JACOBS, A., HELFRICH, M., HANISCH, S., QUENDT, U., RAUBER, R., LUDWIG, B. (2010).

 

Biology and Fertility of Soils 46, 671-680.

 

Summary

Abstract The objectives were to investigate (1) to which extent water-stable macro- and microaggregates sequester organic matter (OM) in a minimum tillage (MT) system compared to a conventional tillage (CT) system and (2) if the content of biochemically stabilized OM differs between both tillage systems, and (3) to study the temporal dynamics of the distribution of aggregate size classes and of storage of OM within aggregates in the field. Surface soils (0-5 cm) and subsoils (10-20 cm) were sampled after fallow (March 2007) and directly after tillage (November 2007) from a long-term experimental field near Göttingen, Germany. Macroaggregates (>0.25 mm) were in general less abundant after fallow than directly after tillage. In March, only 21% (CT) and 45% (MT) of Corg was stored within macroaggregates in the surface soil, whereas in November, the percentages increased to 58% and 73%, respectively.
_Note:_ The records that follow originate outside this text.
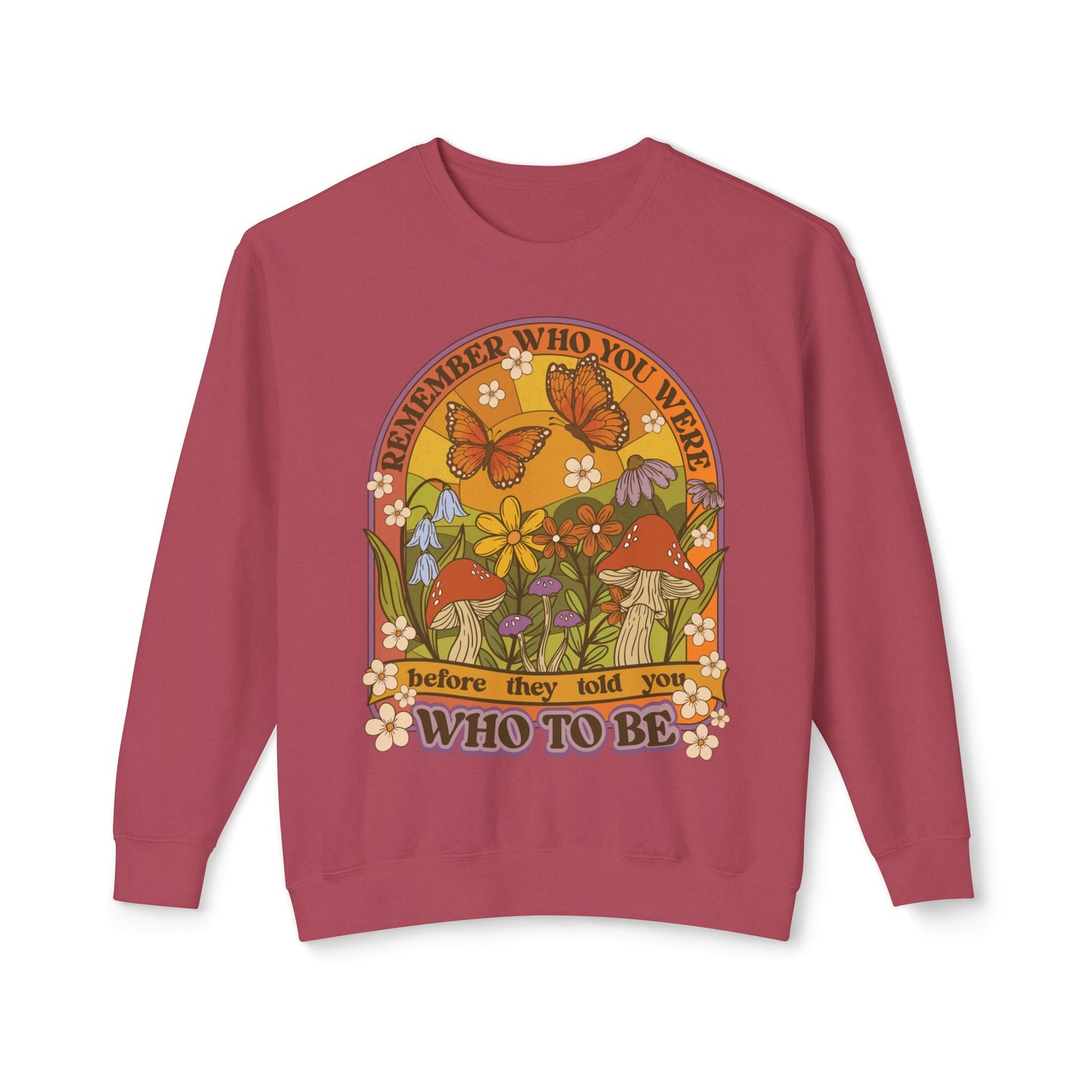 Remember Who You Were Unisex Light Weight Sweatshirt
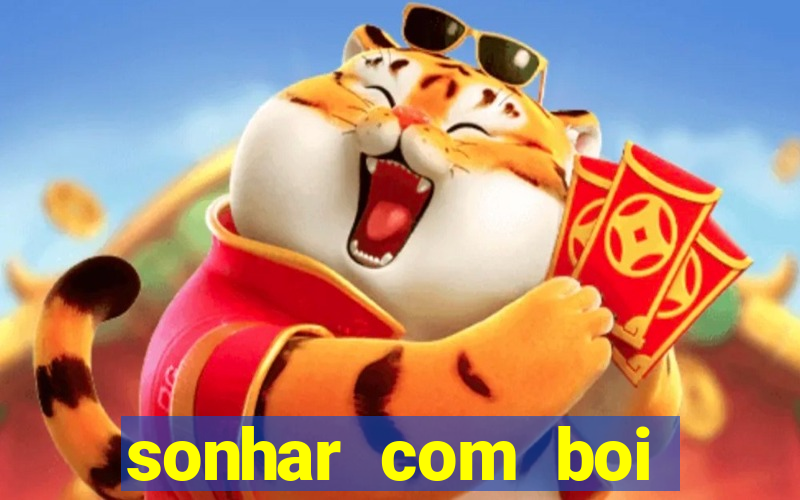 sonhar com boi jogo do bicho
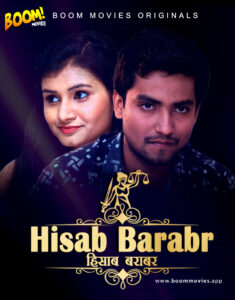 Read more about the article Hisab Barabar 2020 BoomMovies Originals Hindi Short Film 720p HDRip 100MB Download & Watch Online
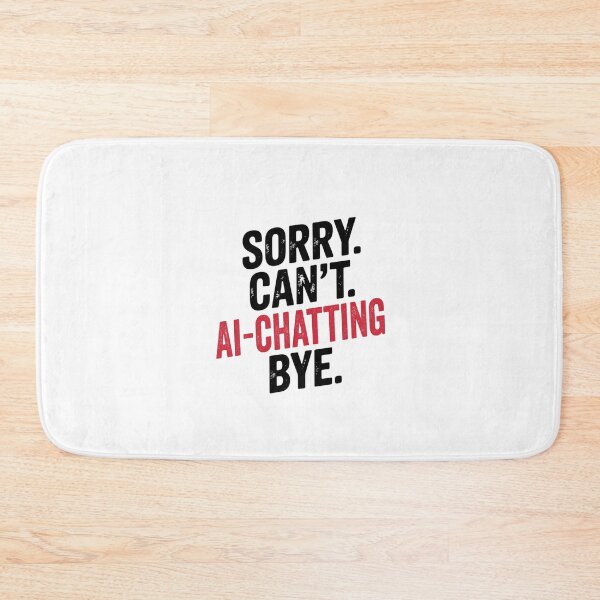 Item preview, Sorry can't Ai-chatting bye - Funny Ai-chatting Lover designed and sold by Oussinc.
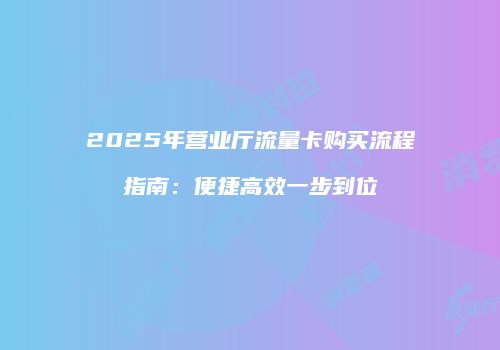 2025年营业厅流量卡购买流程指南:便捷高效一步到位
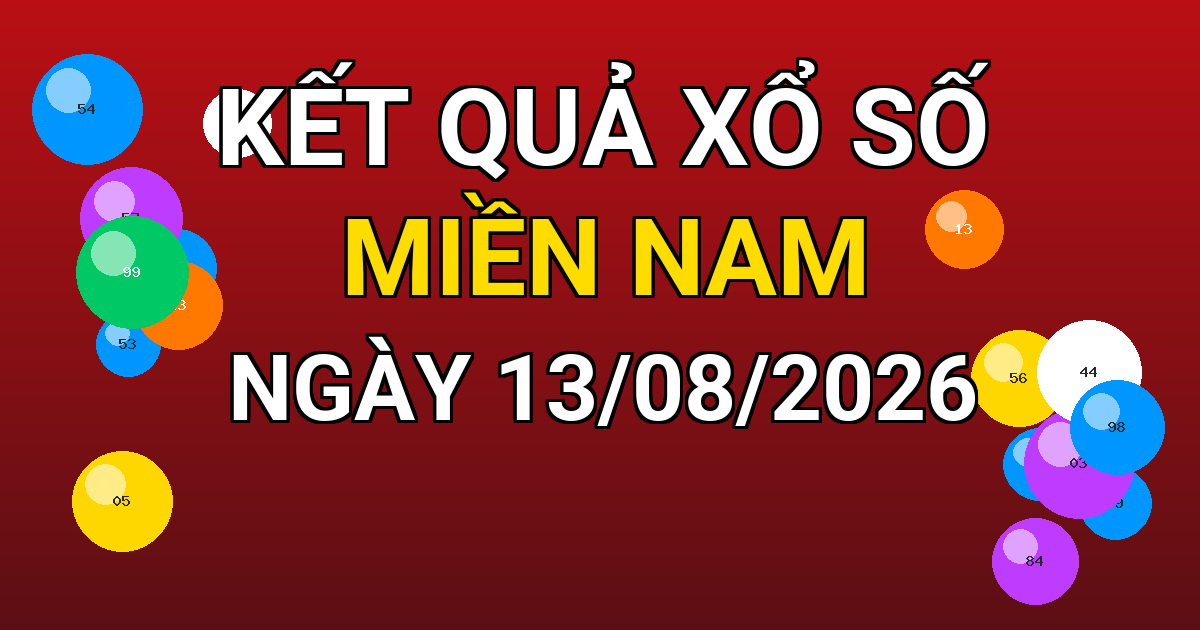Kết quả xổ số Miền Nam ngày 13/08/2026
CT and MT soils of both depths were incubated as bulk soil (CTbulk, MTbulk) and with macroaggregates disrupted (<0.25 mm) (CTmd, MTmd) for 28 days at 22°C and water content of 50% of the maximum water holding capacity. For the MTbulk and MTmd surface soils, C mineralization was significantly higher compared to the CT soils. Incubation of md soils did not generally result in a significantly higher C mineralization compared to the respective bulk soils, except for the MTmd subsoil. Acid hydrolysis showed that the proportion of biochemically stabilized, nonhydrolysable, Corg to total Corg was lower in the MT than in the CT soils. Overall, the data indicate that the effect of physical stabilization of OM stored in the macroaggregates may not be a mechanism protecting very labile C with a turnover time of weeks, but that longer preservation likely occurs after macroaggregate transformation into microaggregates, and the surplus of OM found in the surface soil of MT does not only depend on the biochemically stabilized OM. Finally, our data suggest that the temporal variability of distribution of aggregate size classes in the field is large, but spatial and operator variability also contributed to the observed differences.